I received an email from Creatable about a new image compression tool called PICHI yesterday and immediately wanted to test its claims. I was not disappointed! What I was most impressed about was the reduction in file size compared to that of JPEGmini, especially on images which had already been optimised for web in Photoshop.
I took a sample JPG file and ran some tests on the original file, and then on a version of the same file optimised for web in Photoshop CC.

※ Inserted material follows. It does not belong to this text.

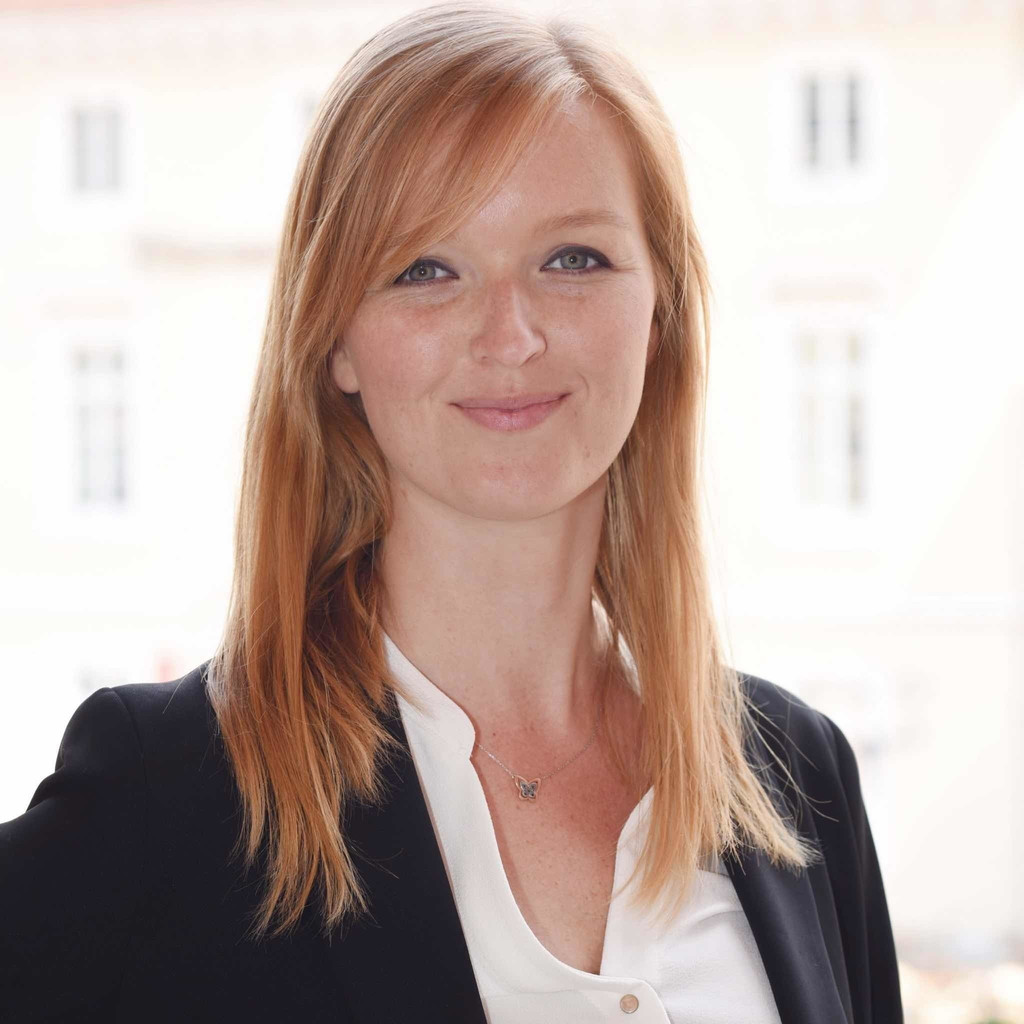 Carolin Engel Projektmanagerin / Geschäftsstelle karlsruhe.digital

Original JPG – 3,715,604 bytes (3.7 MB)
JPEGmini – 1,131,162 bytes (1.1 MB) – a 70% reduction
PICHI – 813,261 bytes (815 KB) – a 79% reduction
Optimised for web JPG – 1,710,924 bytes (1.7 MB)
JPEGmini – 1,339,201 bytes (1.3 MB) – a 22% reduction on an already optimised image
PICHI – 835,558 bytes (836 KB) – a 52% reduction on an already optimised image
I also tried with a transparent PNG file of a company logo… the original PNG was 7,424 bytes (8 KB) and the Pichi optimised version was 3,788 bytes (4 KB) – a 49% reduction in file size and the transparency was retained… wow!
It looks like there could be some great space savings to be made on image heavy websites. There would be a bit of extra work to do since the files would all require renaming, but according to the developer, replacing the original file instead of creating a copy and suffixing the filename with -pichi is planned for a future version, along with being able to drag and drop folders full of images… fantastic news!
Once the two issues I mentioned above are addressed, Pichi will be worthy of a full 5 stars. As such, 4.5 is not bad for a new kid on the image compression block!